Shares in the home and motor insurer, best known in Britain for its More Than brand, rose more than 5 percent after it reported a strong performance last year across most of its main businesses in Britain, Ireland, Canada and Scandinavia.
Chief Executive Stephen Hester, the former boss of British bank RBS (RBS.L), has cut costs and sold assets since joining RSA in 2014 with a brief to turn it around following an accounting scandal at its Irish division.
Zurich pulled out of a 5.6 billion pound bid for the company in September 2015, due to problems in its own business, and Hester said RSA was doing fine alone.
“Our shareholders are benefiting significantly from not having sold to Zurich,” he told a media call.
He added there were no bids on the table for RSA, and the firm “does not need a deal”.
“If something came along, it would need to be additive to be of interest, rather than a substitute for what we are doing,” he said.
Merger and acquisition talk has been swirling around European insurance markets due to strong competition in the sector and low interest rates, which have hit investment income.
Italian bank Intesa Sanpaolo has said it is studying a possible combination with Assicurazioni Generali (GASI.MI), Italy’s biggest insurer.
RSA has no plans to sell more of its businesses, Hester told Reuters by phone, after a recent deal to offload legacy business - closed to new policyholders - to Enstar (ESGR.O).

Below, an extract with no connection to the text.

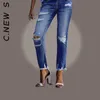 Jeans C.New S Summer High Waist Denim Pants Shredded Jeans Shredded Women Stretch Ripped Skinny Trousers Slim Jeggings Ladies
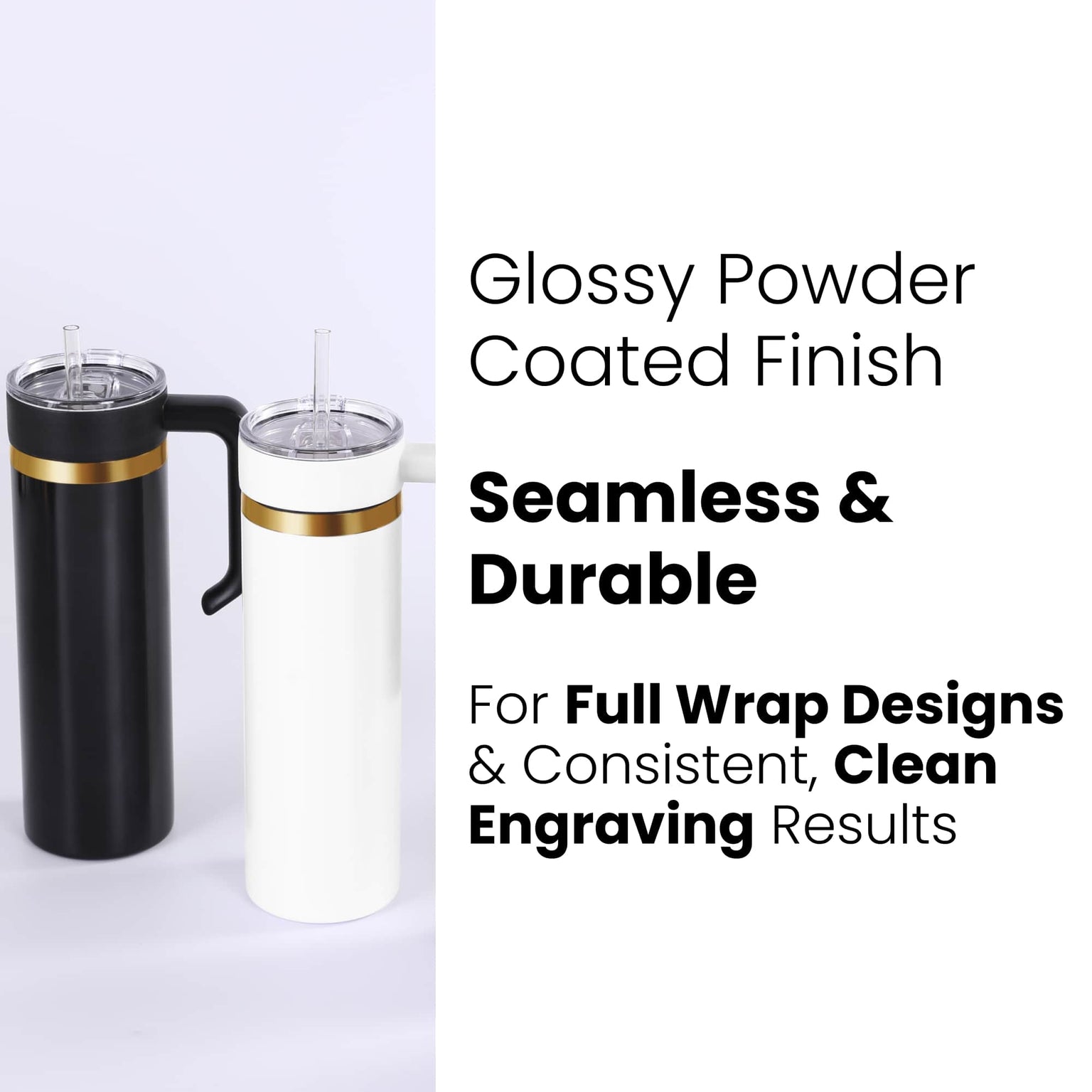 20oz skinny electroplated tumblers with matching handle in glossy powder coated finish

“There’s nothing meaty on the stocks,” Hester said.
RSA posted a 25 percent rise in 2016 operating profit to 655 million pounds and raised its target for return on tangible equity to 13-17 percent from a previous range of 12-15 percent.
Its shares were the second best performer in the FTSE 100 index .FTSE at 1320 GMT, up 5.5 percent at 609 pence, after earlier hitting 617.5 pence, their highest since July 2011.
RSA “has again shown real progress”, RBC analysts said in a note, reiterating their “perform” recommendation on the stock.
The insurer said it would pay a final dividend of 11 pence per share and total dividend of 16 pence, up 52 percent from a year earlier and above a forecast 15.1 pence.